The seeds of Theobroma cacao (a Mexican tree, as already described) contain a considerable quantity of nitrogen, but only from 20 to 30 per cent of animal nourishment (proteids), the remainder being "amides." The seeds are first allowed to ferment, and then roasted, their two halves coming out under pressure in a machine as "Cocoa nibs." When ground between hot rollers these nibs have their oil, or fat, melted, and they become reduced to a fluid condition, which is gradually dried, and then powdered as "soluble Cocoa." Dutch manufacturers add an alkali so as to saponify the fat. "Navy Cocoa" is a pure preparation free altogether from husk. Cocoa contains further some tannin, and is said (by Dr. Haig) to furnish when dry 59 per cent of uric acid, or xanthins, being therefore unsuitable for gouty persons. But the ash of Cocoa is strongly alkaline, consisting chiefly of potash, and phosphoric acid; and the general conclusion is that, whereas out of each hundred pounds of Cocoa no less than three and a half pounds consist of pure vegetable salts, mainly phosphates, of high nutritious value, particularly as alkalies, this article of diet is excellent for those persons who are given to the formation of uric acid as a gouty element.
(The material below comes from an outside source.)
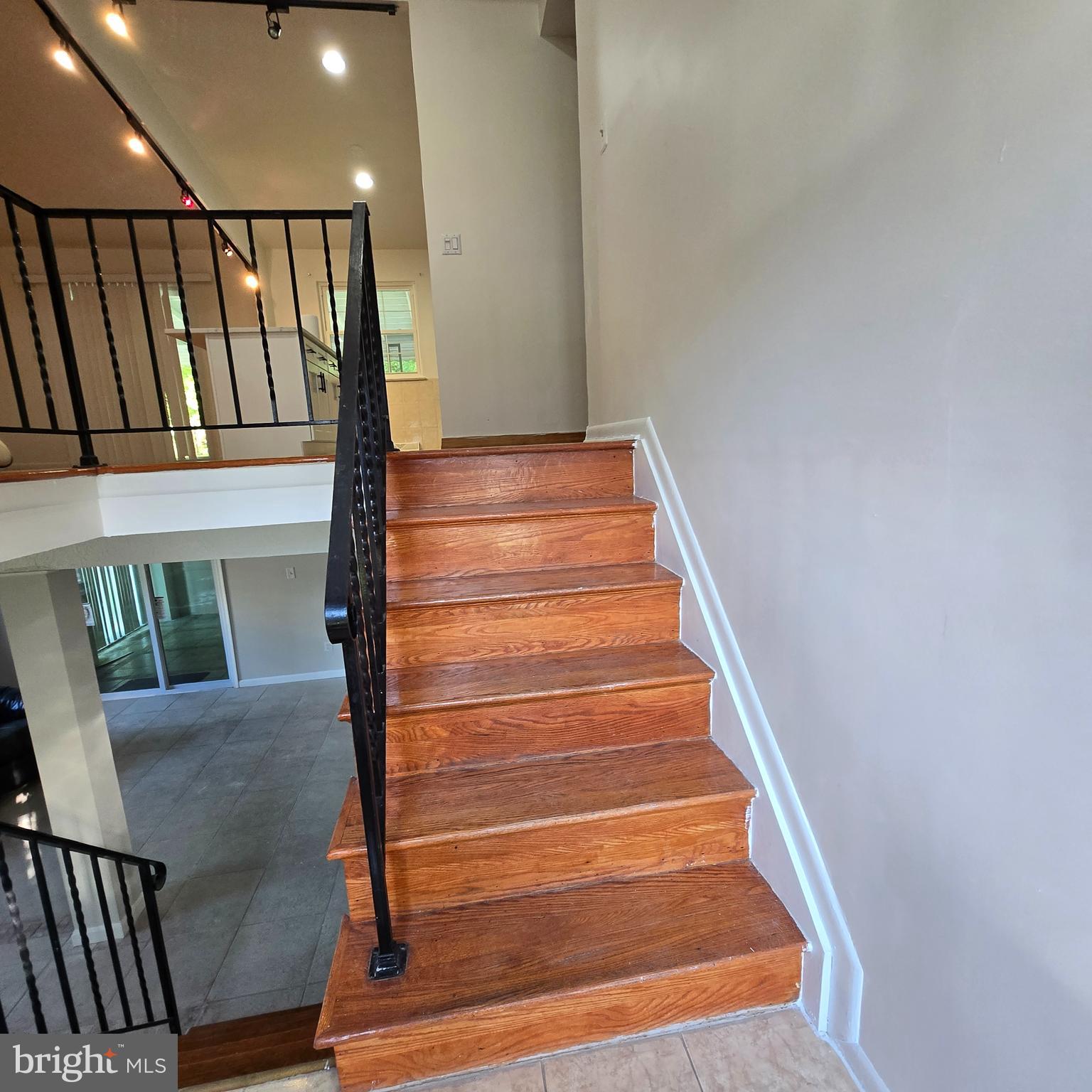 KINGS POINT - Residential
The whole bean is highly sustaining, with its fat, gum, starch, and albumin, besides the theobromin, having all the stimulating effects of tea without any harmful reaction. Cocoa contains nearly one-fifth of its full bulk as pure albumin, and in a state of fine division for being digested. But the action of Cocoa on the nervous system is much less pronounced than that of tea, or coffee, owing to the comparatively small amount of thein, or caffein, which it contains. In St. James's Street, London, when Queen Anne reigned, there was a famous Chocolate house known as the "Cocoa Tree." Its frequenters were Tories of the strictest school. In the course of time it developed into a more general club. Dr. Garth whilst sitting there had his snuff-box, which was highly ornamented with diamonds, so repeatedly borrowed by the poet Rowe in order to gain notice, that at last he took out his pencil and wrote on the lid the Greek characters Ф (phi.): P (rho.) = "Fie, Rowe!"